Please note that scanner settings may have a great impact on the number of identified patterns and consequently on statistics.

For example changing the maximum acceptable deviation of the maximum body height for doji candles may cause a major impact on the number of found patterns. It may happen, for instance, that a Hammer pattern will be identified as a doji candle and will be rejected.
An even greater impact may have Statistics Calculation Settings.

Therefore, it is recommended that any changes to the settings of the scanner are performed with a full understanding of possible consequences during the scanning process.

 


The algorithm evaluating the efficiency of a bullish pattern occurrence works as follows:

  1. If Stop Loss price level is reached on the first candle following the pattern, the occurrence is marked as FALSE.
  2. If Stop Loss price level is reached within test period, the highest price reached prior to Stop Loss is used to assign the pattern occurrence to appropriate efficiency level (i.e.
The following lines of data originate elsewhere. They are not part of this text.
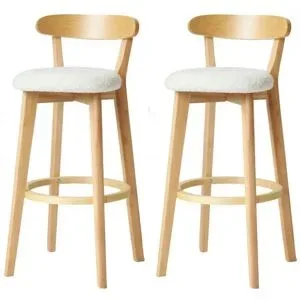 Höffner Barhocker 2er-Set  Tabvitoria ¦ weiß ¦ Maße (cm): B: 38 H: 91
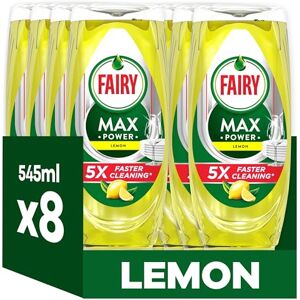 Fairy MaxPower Washing Up Liquid Lemon 8 x 545 ML, Easy & Effortless Cleaning, Even On Your Greasiest Pots & Pans Fairy MaxPower Washing Up Liquid Lemon 8 x 545 ML, Easy & Effortless Cleaning, Even On Your Greasiest Pots & Pans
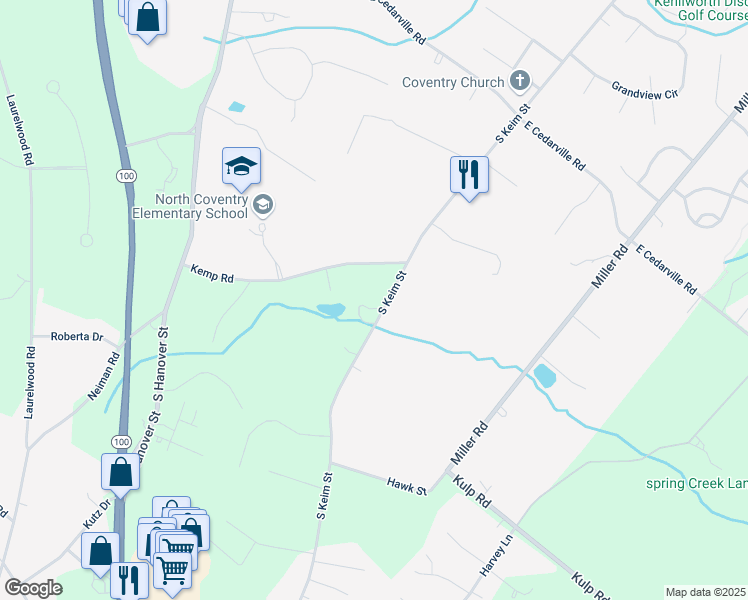 map of restaurants, bars, coffee shops, grocery stores, and more near 1397 South Keim Street in Pottstown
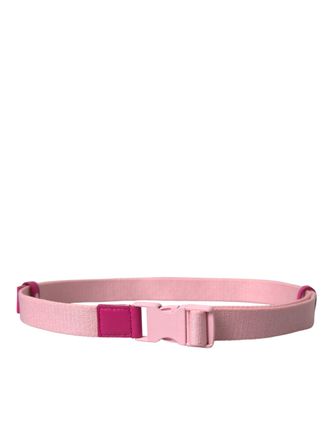 Dolce & Gabbana Pink Canvas Stretch Plastic Buckle Women Belt Pc Pp Pe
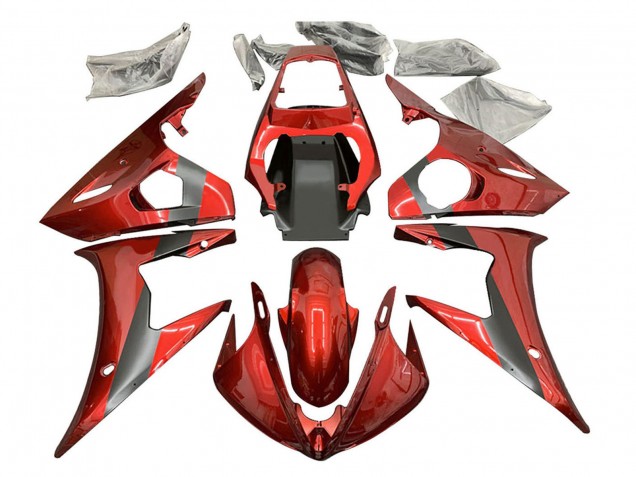 Yamaha YZF 600 R6 Motorrad Verkleidung 2005 - Rot Matt Schwarz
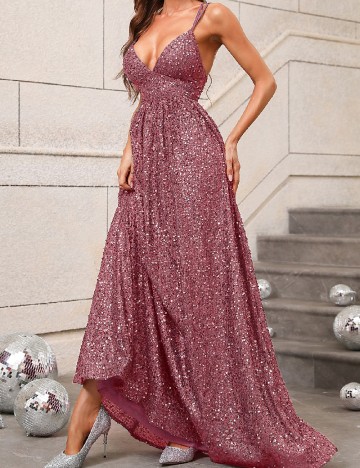 Rochie lunga Faeriesty, roz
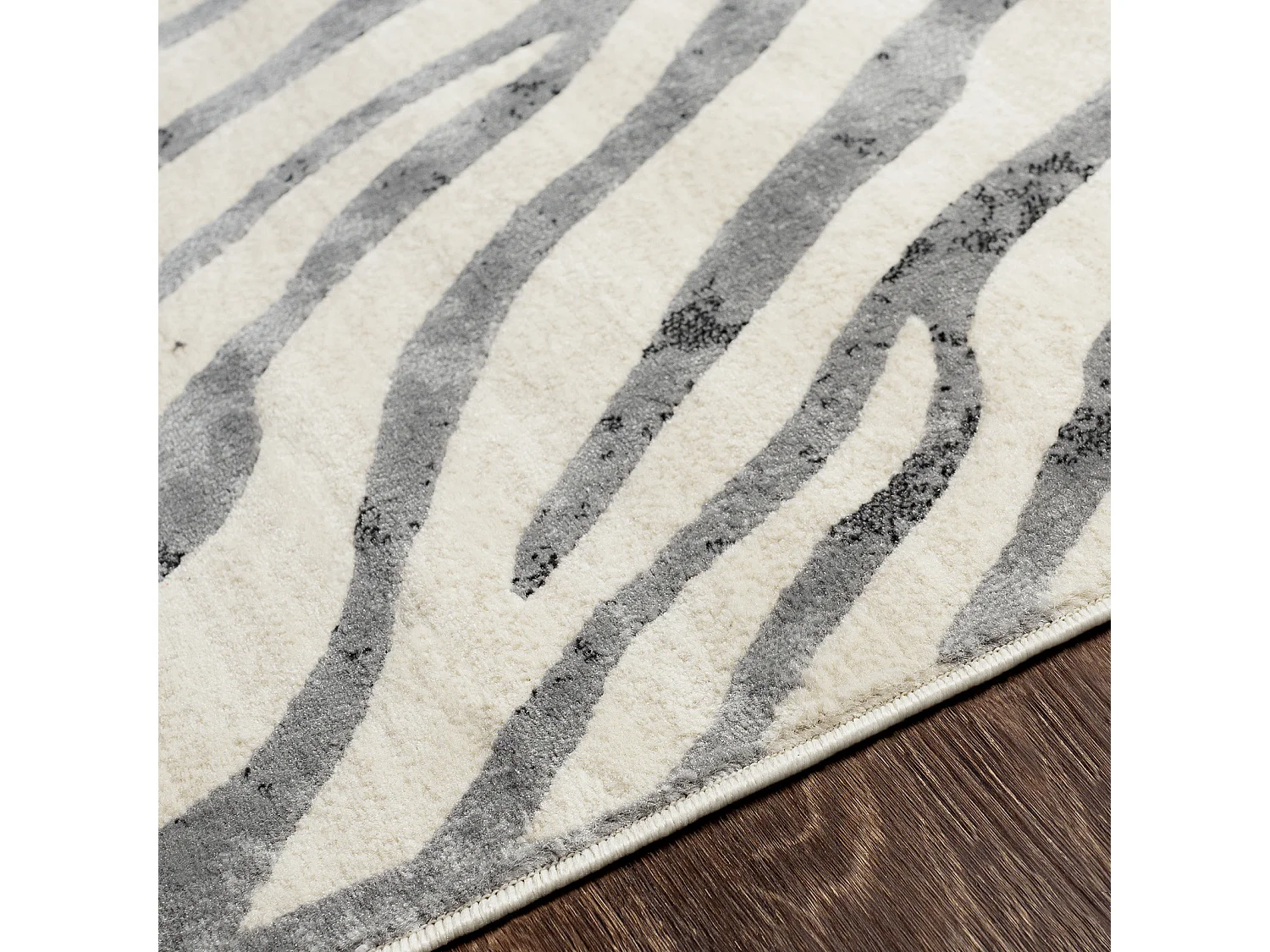 Tapis Zébré Bohème - Gris Foncé/Beige - 120x170cm - CYBELE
FALSE, LOW, MEDIUM or HIGH).
  3. If Stop Loss price level is not reached within test period, the highest price reached during the full period is used to assign the pattern occurrence to appropriate efficiency level (i.e. FALSE, LOW, MEDIUM or HIGH).

The algorithm for every pattern occurrence is run for the period of 5 and 10 candles, producing two separate results.

If there are not enough candles following pattern occurrence, the result is marked as NO DATA.

The algorithm works the same for bearish patterns, except that instead of using the highest price reached during the test period, the lowest one is used.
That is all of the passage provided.